The Science Department conference room felt ridiculously enormous for just two men to meet. However, Ken Redmond appreciated the choice of venue. Not just the fact that it was more spacious than either his or Reggie’s office, but the fact that it was neutral ground, so it didn’t have the emotional weight of meeting in either of their offices.

On the whole Reggie was a pretty laid-back commanding officer, especially for a Shep.
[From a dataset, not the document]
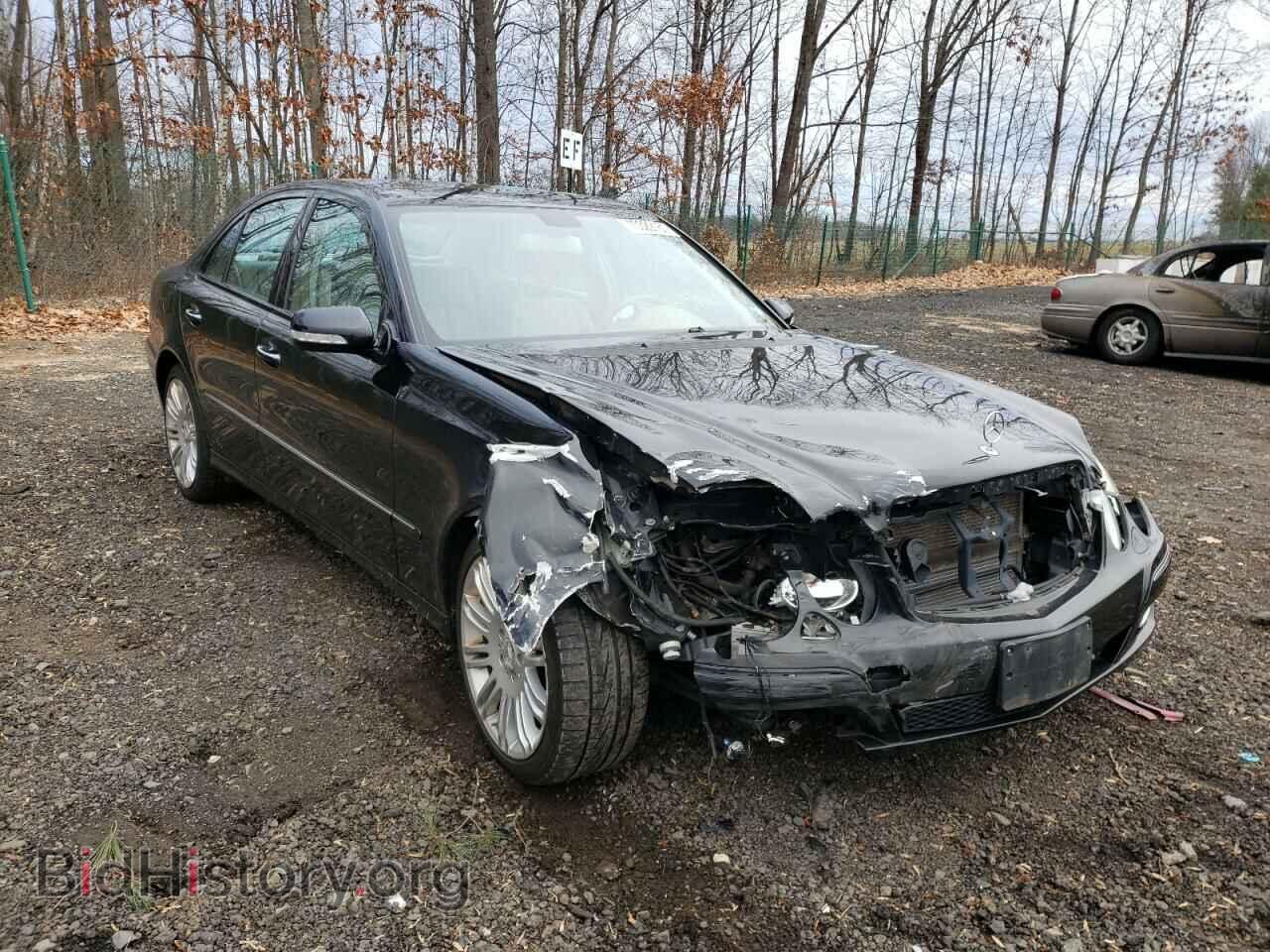 Фотография WDBUF87X68B251489 - MERCEDES-BENZ E-CLASS 2008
Ken had heard plenty of stories about Alan Shepard’s management style as Chief Astronaut, even if those days had been long before his time. But when you went up to Reggie’s office, even to deliver a report rather than to answer for some fault in your department, there was always a sense of unease, of being on the spot. And when he came to your office, you always felt like your entire department was under the microscope.
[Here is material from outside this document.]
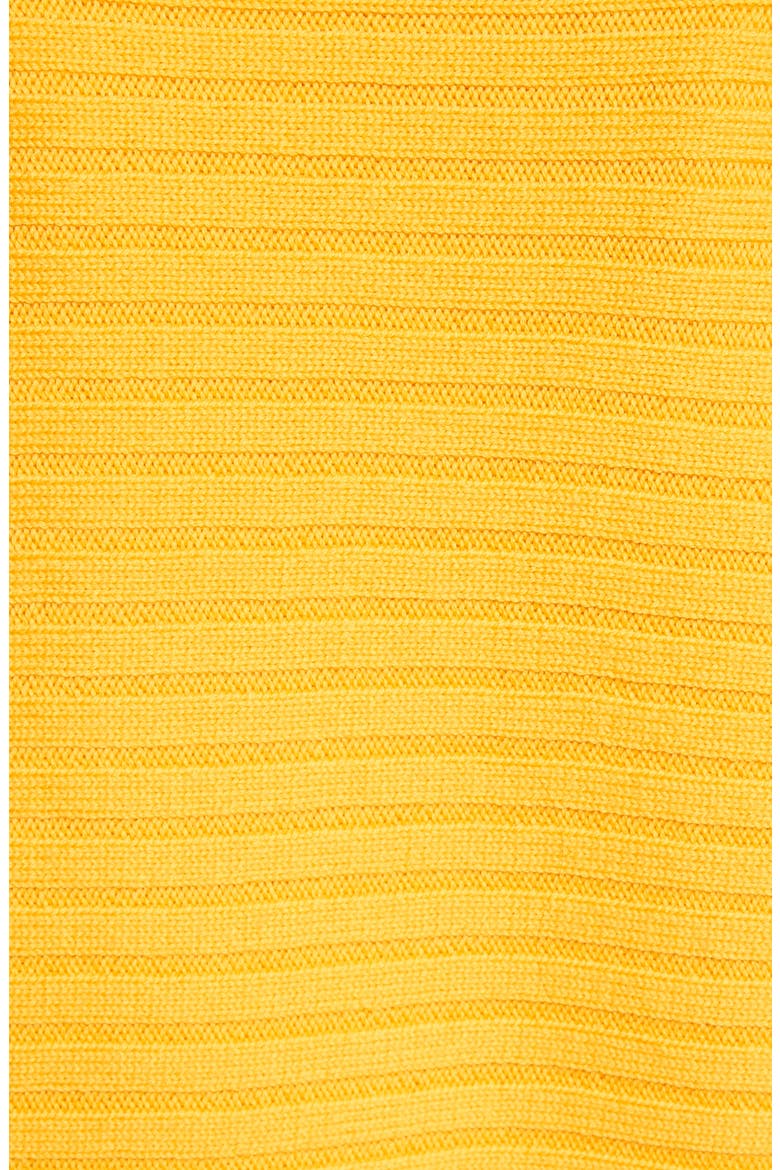 Ribbed Wool Sweater, Alternate, color, MARMALADE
Of course the real reason for them meeting here was the sophisticated 3-D A/V equipment Science had here. Equipment he needed for making his presentation on the innovative technique that might be able to produce replacement low-temperature bearings for the various cryo-pumps the settlement used.

Sure, he could’ve used the computer and monitor on his desk, maybe even offered the boss a pair of spex, but it wasn’t quite the same as having the images floating there on the tabletop, so real you’d think you could reach out and touch them. And right now, when he was asking for the boss to OK a huge departure from normal procedure, one that would involve changes in normal flight-certification procedures, he wanted the most persuasive presentation he could manage. Because he was really, really asking the boss to stick his neck out here.

Reggie arrived just as Ken was finishing his final checks on the equipment, making sure everything would show without any glitches. “So what are we looking at that’s so important we need the holoprojector system up here?”

Ken explained about the bearings. “Ever since NASA terminated the contract with McHenery and switched to Salwell, they’ve been wearing out about three times as fast, and we’ve been having no end of trouble maintaining our supply of spares.”

“Salwell? Wasn’t that part of North American Aviation?”

“North American bought them out during the build-up to the Space Shuttle program, and it got spun off again after Boeing bought out North American.”

That got a nod from Reggie. “I remember that now. Probably because they had more of the corporate culture problems than the guys from Seattle wanted to beat out of a new acquisition.”

“North American always had corporate culture problems. It goes way back to Apollo, and I’ve got it on good authority that you could scare them straight for a while after a bad accident, but it never solved the root problem, so it was always a matter of time before they’d start getting lax about the technical stuff. I honestly don’t understand why NASA kept going back to them when you couldn’t rely on them.”

“Because NASA’s a government agency, and therefore beholden to the bidding process.” Reggie leaned back in his chair, looking so much like Alan Shepard that Ken could completely understand how Wally Schirra could take a double-take at encountering him. “So North American underbids everyone else, gets the contract, and then ends up going over budget because half their work’s substandard. But the bean-counters only look at the up-front numbers, so NASA’s pretty much stuck. Get a bad enough accident and you might be able to shake things loose for a while, but then bureaucratic systems reassert themselves.”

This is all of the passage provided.